## Try it
Repeat exactly the line with "Evo Hair Whip it Good Styling Mousse 200ml" and each line after it to the end of the data below; pictures stay out.

## Provided data
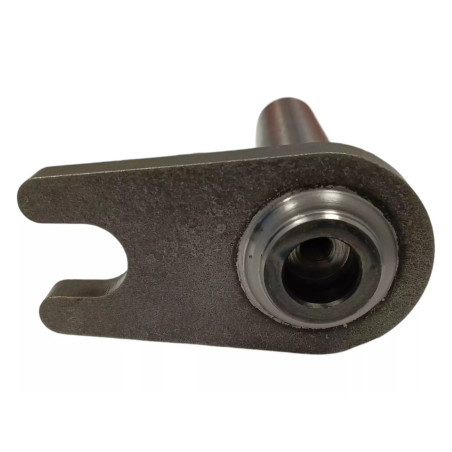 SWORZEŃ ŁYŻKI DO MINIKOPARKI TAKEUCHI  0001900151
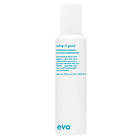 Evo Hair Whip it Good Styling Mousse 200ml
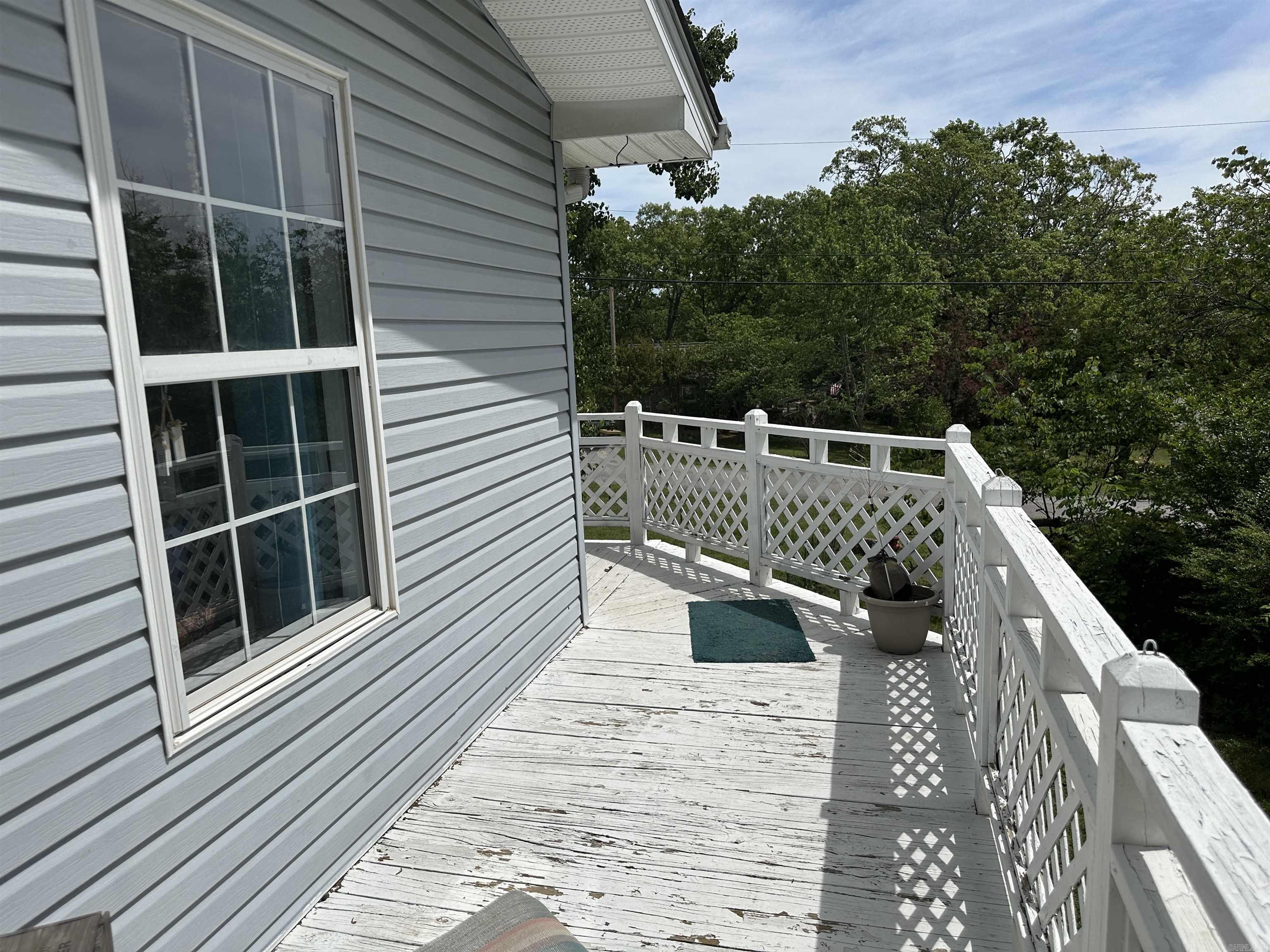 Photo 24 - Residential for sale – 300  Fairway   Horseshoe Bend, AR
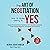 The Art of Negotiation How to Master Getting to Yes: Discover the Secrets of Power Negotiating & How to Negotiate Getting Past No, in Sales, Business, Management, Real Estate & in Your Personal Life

## Answer to the exercise
 Evo Hair Whip it Good Styling Mousse 200ml
 Photo 24 - Residential for sale – 300  Fairway   Horseshoe Bend, AR
 The Art of Negotiation How to Master Getting to Yes: Discover the Secrets of Power Negotiating & How to Negotiate Getting Past No, in Sales, Business, Management, Real Estate & in Your Personal Life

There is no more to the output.